O documento cita ainda o Bric – bloco formado Brasil, Rússia, Índia e China – e o Ibas, do qual fazem parte Índia, Brasil e África do Sul. “Nossas parcerias tradicionais serão preservadas e ampliadas”, diz o texto.

Também foram apresentados como compromissos de Dilma o respeito aos princípios de não intervenção, a defesa dos direitos humanos, a luta pela paz e pelo desarmamento e a democratização dos fóruns internacionais – bandeiras de Lula em seus anos de governo.

Outro indicativo de que Dilma poderá dar continuidade às linhas principais da política externa do atual governo é a escolha do diplomata Antônio de Aguiar para comandar o Ministério das Relações Exteriores, ainda não oficializada. Patriota é hoje secretário-geral do Itamaraty, segundo posto na hierarquia do órgão, e próximo do chanceler Celso Amorim. Os dois trabalharam juntos em Nova York e Genebra.

Campanha

Embora tenha sido uma das prioridades do atual presidente, a política externa esteve praticamente ausente na campanha eleitoral. Nem Dilma nem o tucano José Serra deram muita bola para o assunto, que nos poucos momentos em que surgiu, ainda foi motivo de polêmicas.

Serra, nas ocasiões em que opinou sobre ações do atual governo no campo diplomático, não poupou críticas. Em agosto, condenou a aproximação entre Brasil e Irã e lembrou o caso de Sakineh Ashtiani, iraniana condenada à morte, para afirmar que o governo Lula tratou como “camarada” um regime que tortura e mata mulheres.

O candidato também mirou a Bolívia, acusando o governo do presidente Evo Morales de “fazer corpo mole” ante o tráfico de cocaína, e o Mercosul, ao qual se referiu como “uma farsa”.

Dilma, por outro lado, adotou um tom mais contido. Em julho, ao fazer críticas à postura de Serra, mas sem citá-lo, afirmou que os líderes políticos precisam ser “prudentes” ao falar de governos de outros países. Na ocasião, a candidata do disse que “política externa se faz com a cabeça, e não com o fígado”.

No entanto, em entrevista que concedeu após ser eleita, foi questionada sobre o caso da iraniana condenada à morte e definiu a execução por apedrejamento como “uma coisa bárbara”.
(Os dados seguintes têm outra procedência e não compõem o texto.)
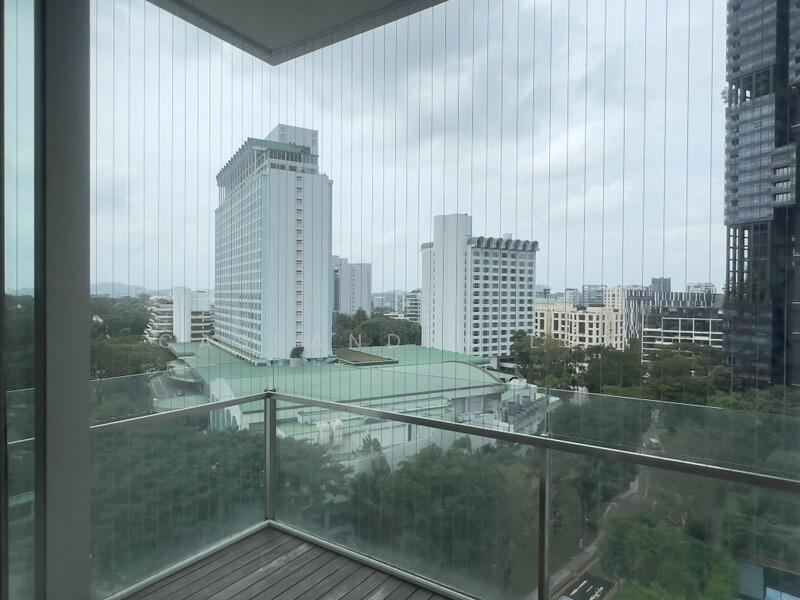 For Rent - Ardmore II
No último fim de semana, o assunto voltou à pauta em uma entrevista que ela concedeu ao jornal americano Washington Post. Dilma criticou a opção do Brasil, que se absteve de votar sobre uma resolução da ONU (Organização das Nações Unidas) que condenava violações de direitos humanos ocorridas no Irã.

– Não sou a presidente do Brasil [hoje], mas me sentiria desconfortável, como uma mulher eleita presidente, em não dizer nada contra o apedrejamento.
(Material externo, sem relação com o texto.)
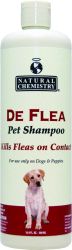 De Flea Shampoo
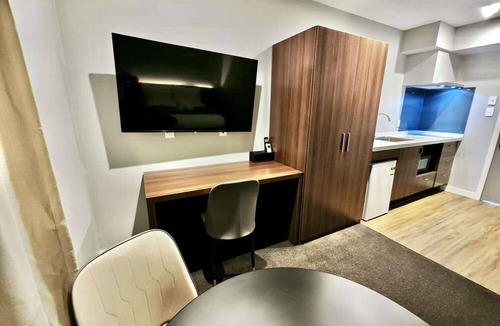 Mount Wellington Hotel | StarLand Stays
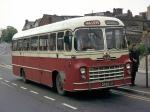Bedford SB5 Yeates Pegasus 1962 года (UK)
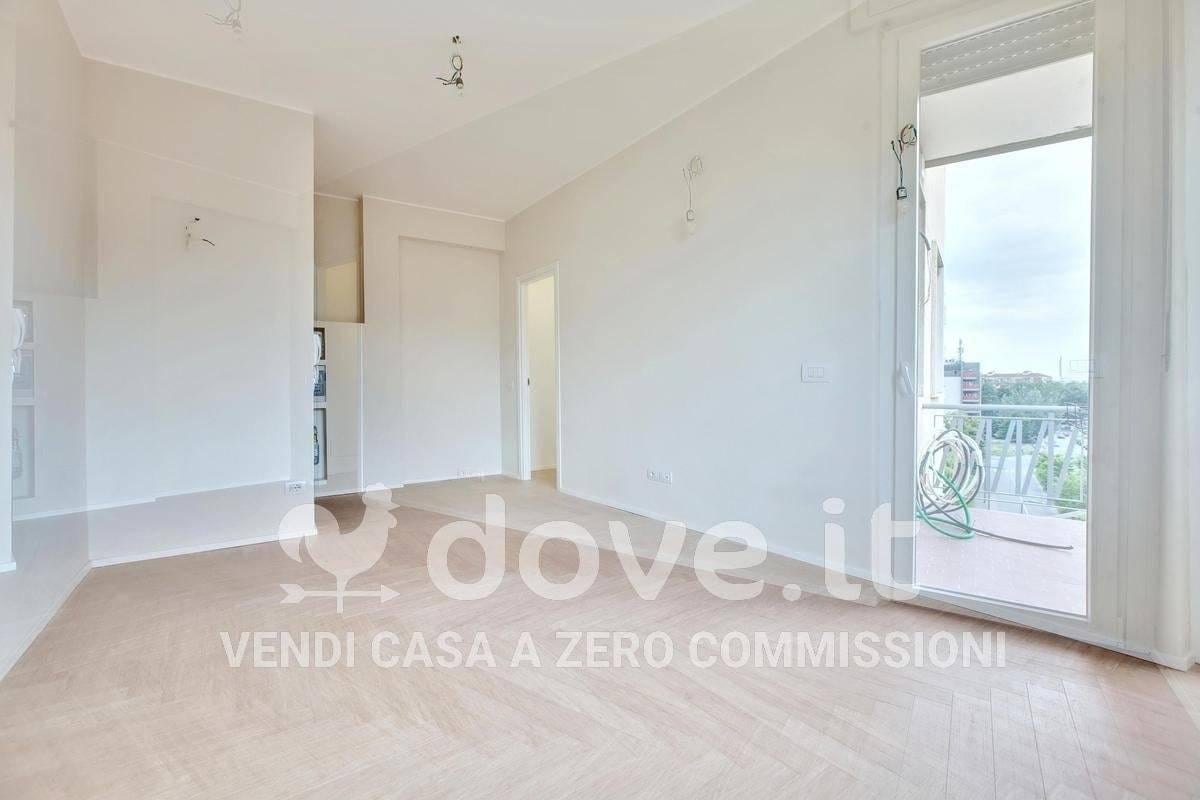 appartamento in vendita a Milano in zona San Siro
O pesquisador Tullo Vigevani, da Unesp (Universidade Estadual Paulista), diz que, embora haja especulações comuns ao momento eleitoral, na prática haverá poucas mudanças a partir do ano que vem.

– Apesar do tom da campanha eleitoral, não haverá alterações substantivas. Poderia haver alguma inflexão, mas a diretriz geral não irá mudar. Os interesses brasileiros no exterior não dependem apenas do presidente, mas envolvem a sociedade inteira, o parlamento e as forças econômicas.

Segundo ele, alterações de rumo seriam mais prováveis em algumas questões pontuais, como o relacionamento com o governo do iraniano Mahmoud Ahmadinejad.

– A questão do Irã não é exatamente estrutural do ponto de vista dos interesses brasileiros. Mas nas relações com os países vizinhos, por exemplo, não acredito que possa haver mudanças importantes.

Para Paulo Edgar Almeida Rezende, professor da PUC (Pontifícia Universidade Católica) de São Paulo, Dilma terá de lidar com a responsabilidade de conduzir um país que se tornou um importante ator global, o que a impedirá de fazer “regressões” neste processo.

Peso do presidente

Questionado sobre o papel do presidente da República na inserção internacional do Brasil, Rezende minimiza o peso de Lula e de seu antecessor, o tucano Fernando Henrique Cardoso, e diz que Dilma terá à sua disposição uma “tradição diplomática das mais qualificadas” no Itamaraty.

– O Brasil tem uma tradição diplomática das mais qualificadas. Não creio que as figuras do Fernando Henrique ou do Lula tenham sido isoladamente decisivas na projeção do Brasil. Contribuíram, mas foram gratificadas por uma assessoria diplomática que levou ambos a terem uma presença internacional que esteve longe de ser improvisada.